-- EXERCISE DETAILS --
Please give the listing again in full, leaving out its images.

-- RAW DATA --

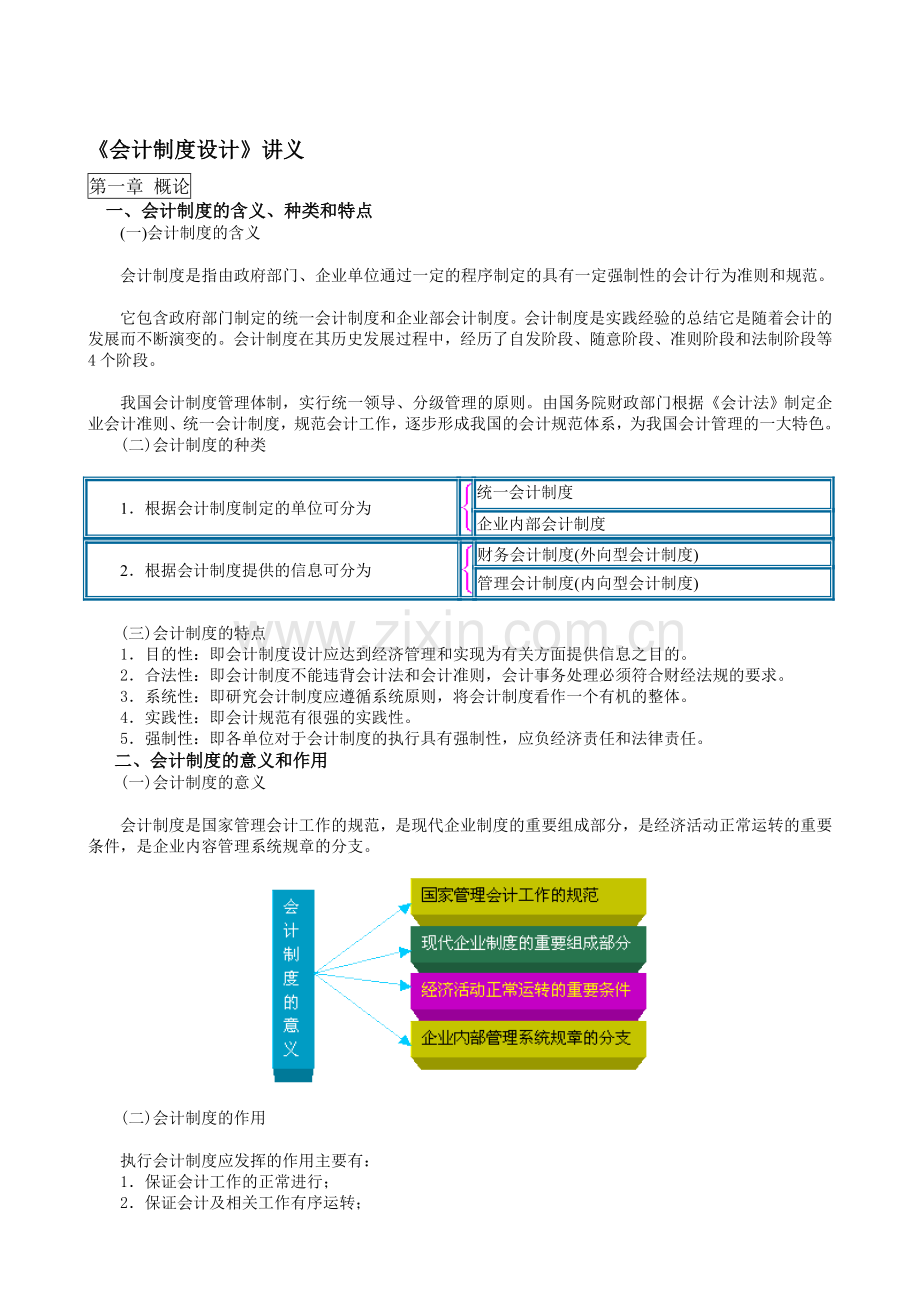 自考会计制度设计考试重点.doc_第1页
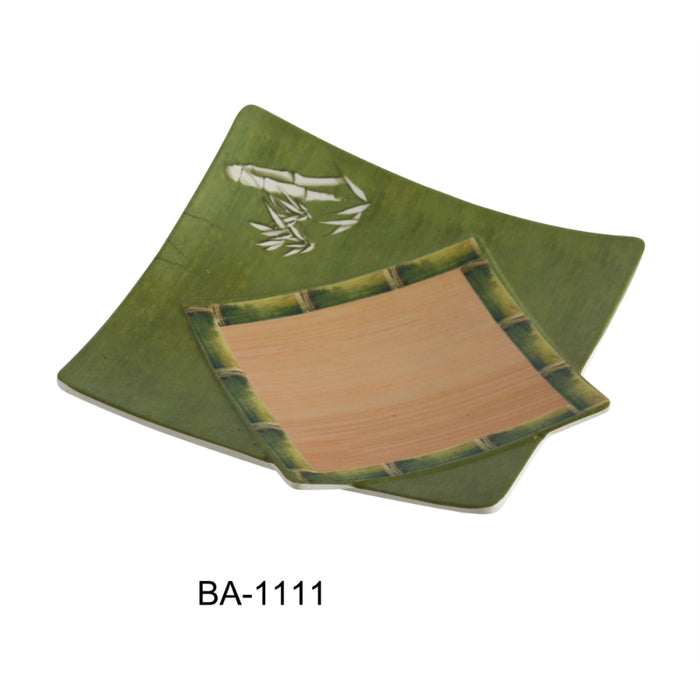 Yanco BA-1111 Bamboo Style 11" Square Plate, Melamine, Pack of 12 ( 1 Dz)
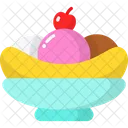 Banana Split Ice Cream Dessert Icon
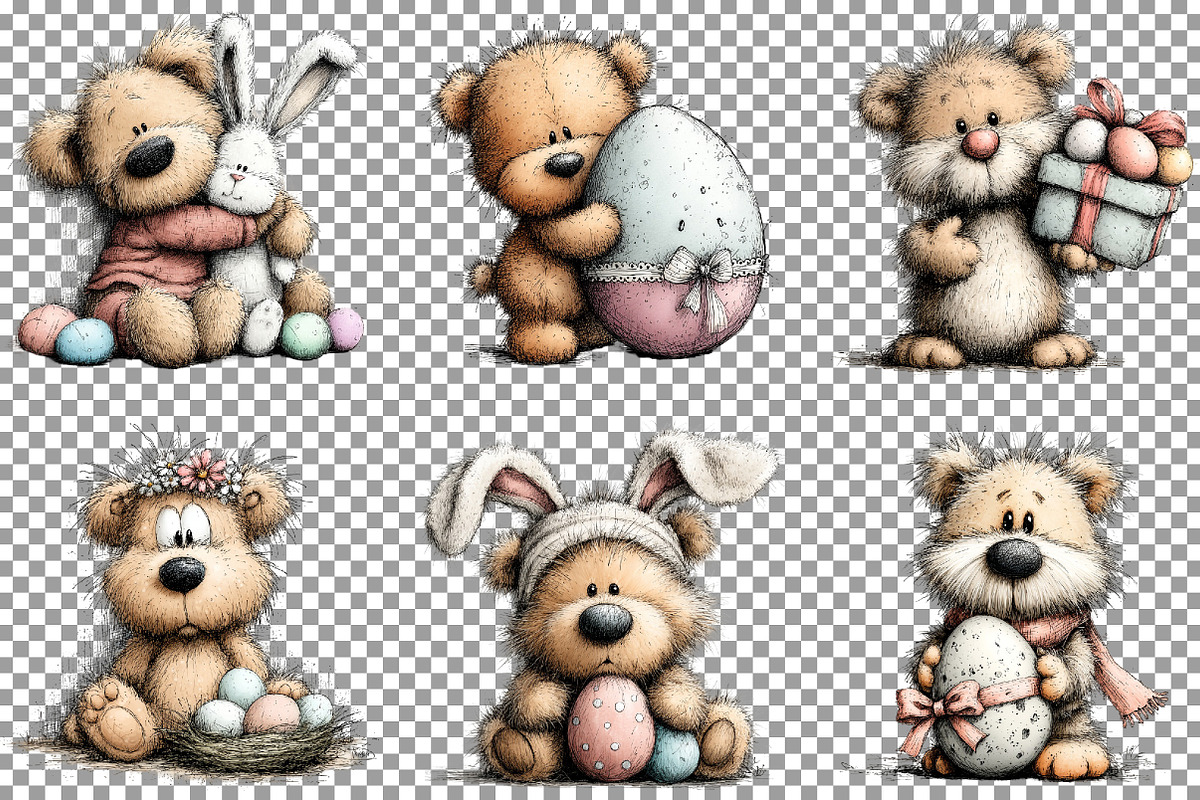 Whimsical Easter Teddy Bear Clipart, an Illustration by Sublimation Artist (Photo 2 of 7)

-- RESULT BELOW --
 自考会计制度设计考试重点.doc_第1页
 Yanco BA-1111 Bamboo Style 11" Square Plate, Melamine, Pack of 12 ( 1 Dz)
 Banana Split Ice Cream Dessert Icon
 Whimsical Easter Teddy Bear Clipart, an Illustration by Sublimation Artist (Photo 2 of 7)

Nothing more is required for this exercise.